• Recorded data
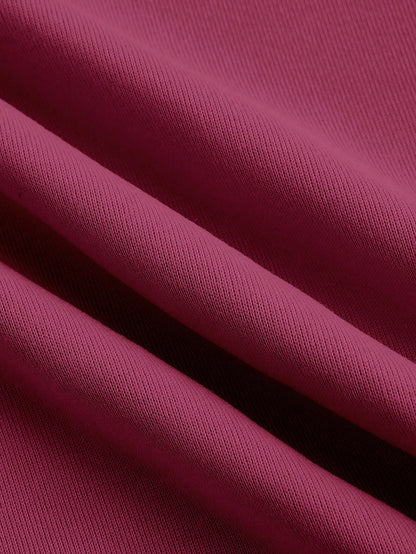 Moletom Oversized Slouchy Street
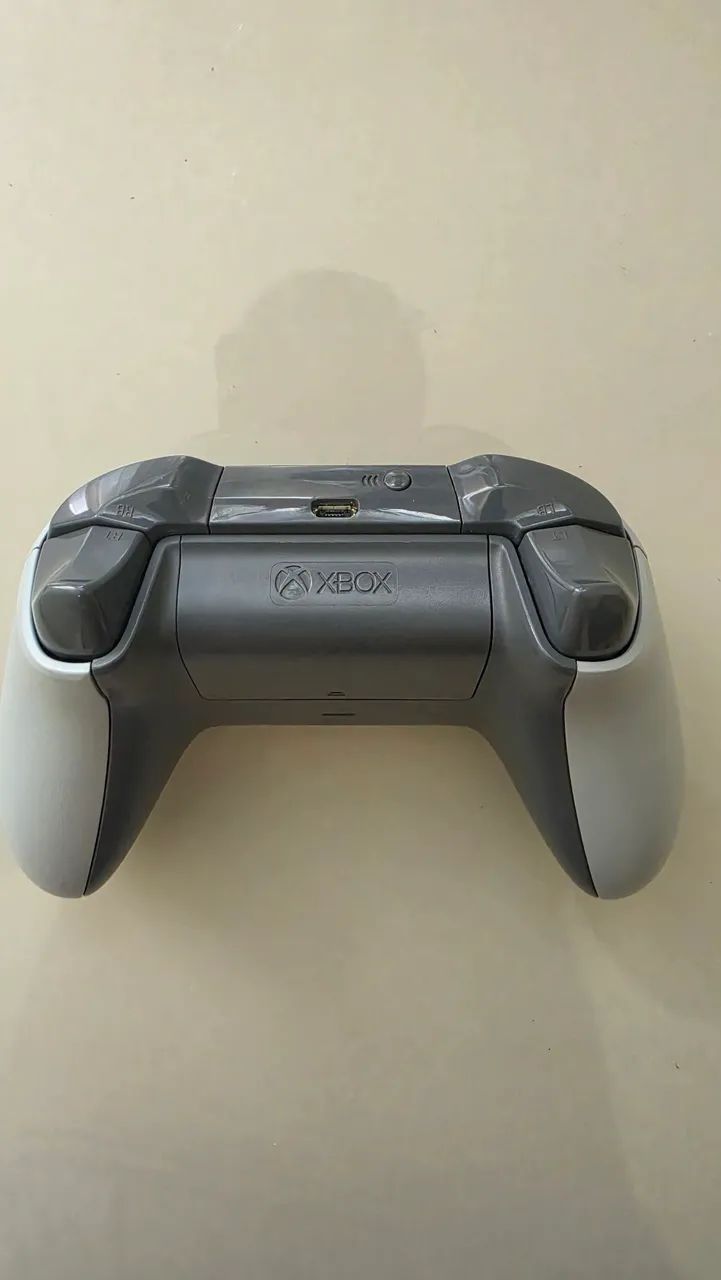 Controle xbox one bem conservado.  - Foto 2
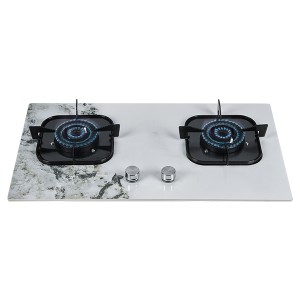 Wholesale Gas Stove 2 Burners home use gas cooker Manufacturers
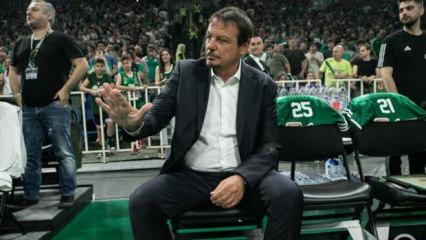 &Ccedil;ileden &ccedil;ıkan başkandan Ergin Ataman'a skandal s&ouml;zler! 'Haysiyetiniz varsa istifa edin'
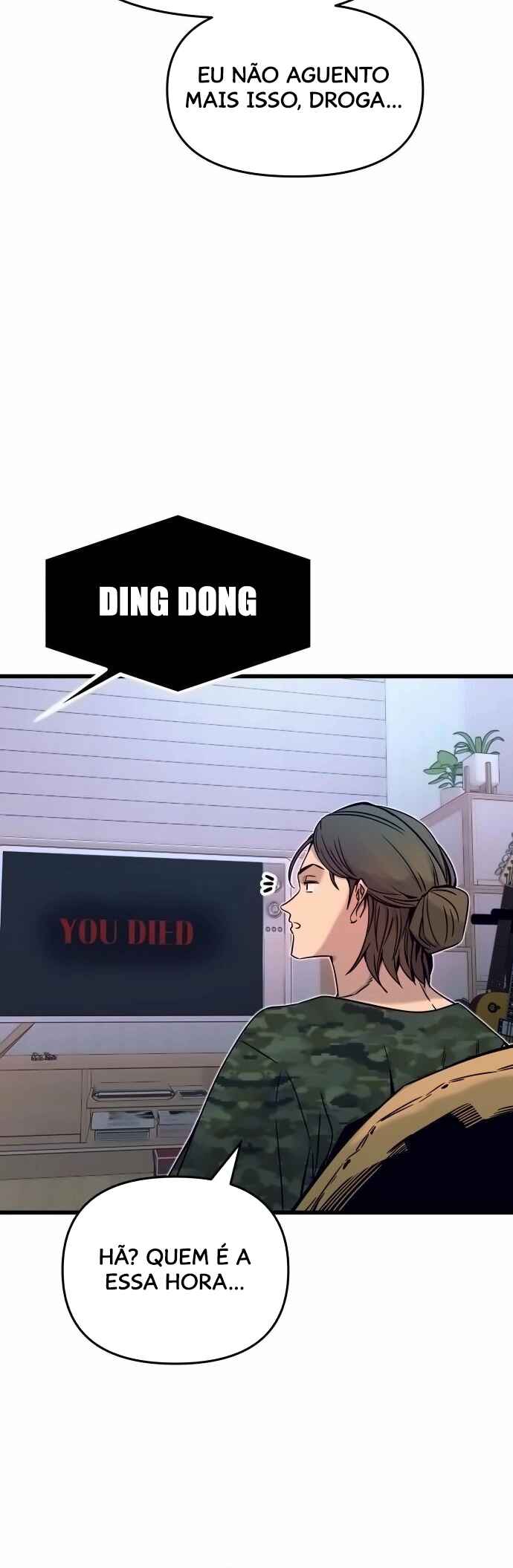 Read My Bias Gets on the Last Train PT Manga Online
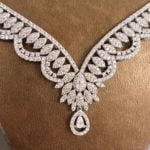 Brielle  claire's bridal jewelry Necklace
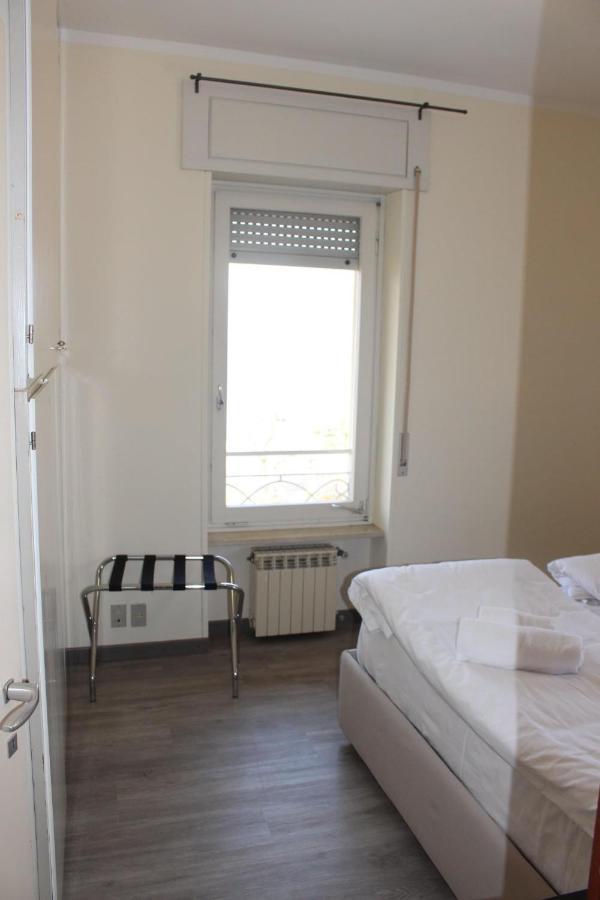 Casa Claudia Διαμέρισμα Assenza di Brenzone Εξωτερικό φωτογραφία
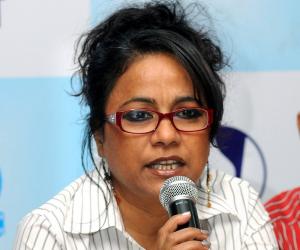 Seema Biswas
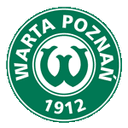 Warta Poznań club crest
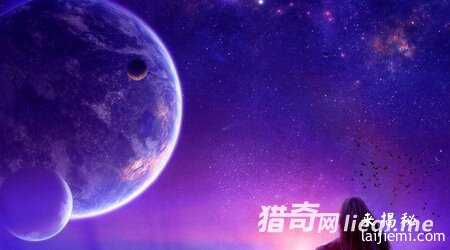 人类的信号太无聊？外星人懒得回应495 / 作者:UFO来啦 / 帖子ID:60983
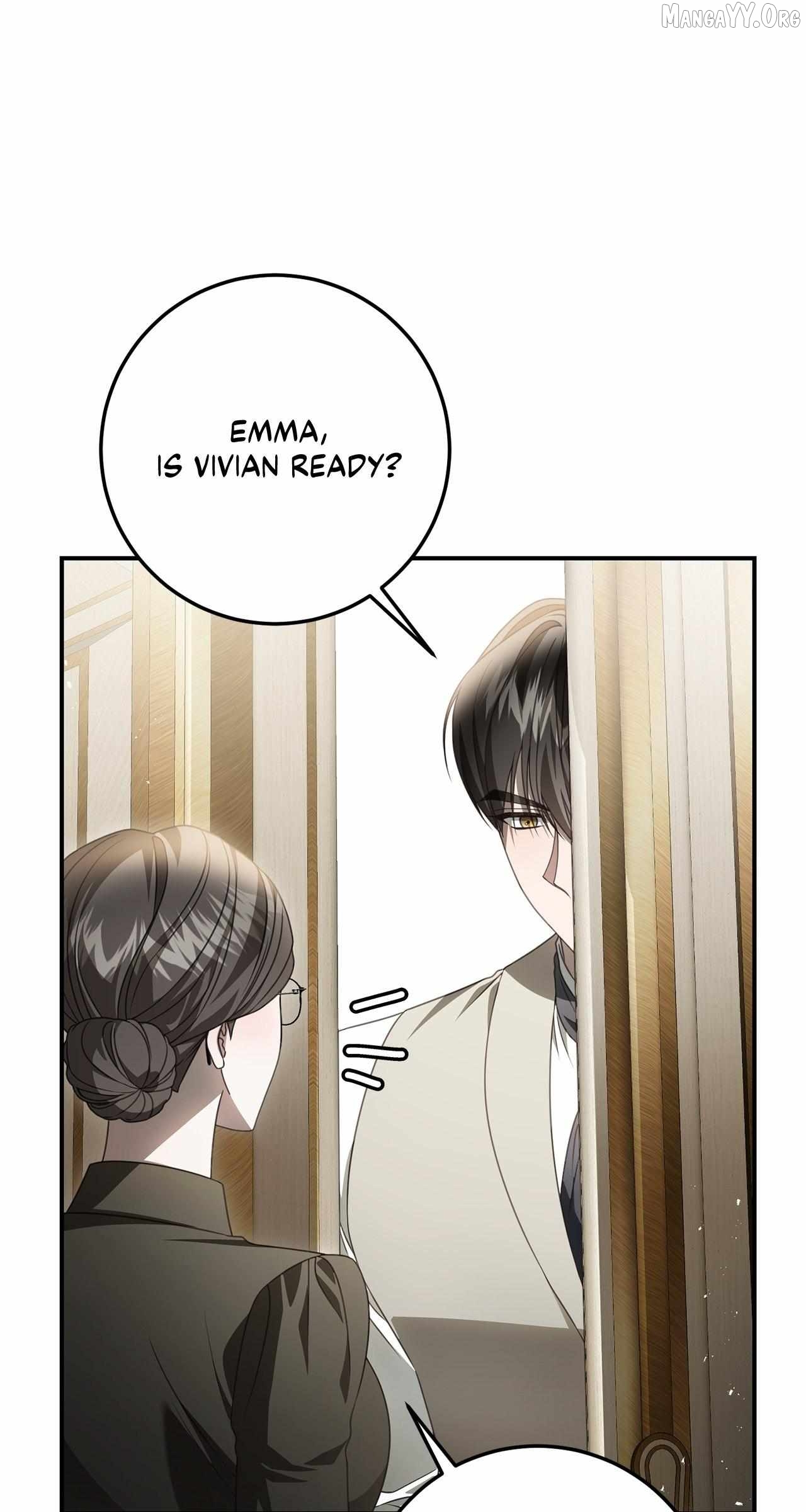 That’s Not What My Will Said Chapter 37 - Page 14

• How to complete this task
What you give back must be exactly the lines of the listing above from the line containing "Seema Biswas" through its last line, inclusive, without pictures, please.

• Your response
 Seema Biswas
 Warta Poznań club crest
 人类的信号太无聊？外星人懒得回应495 / 作者:UFO来啦 / 帖子ID:60983
 That’s Not What My Will Said Chapter 37 - Page 14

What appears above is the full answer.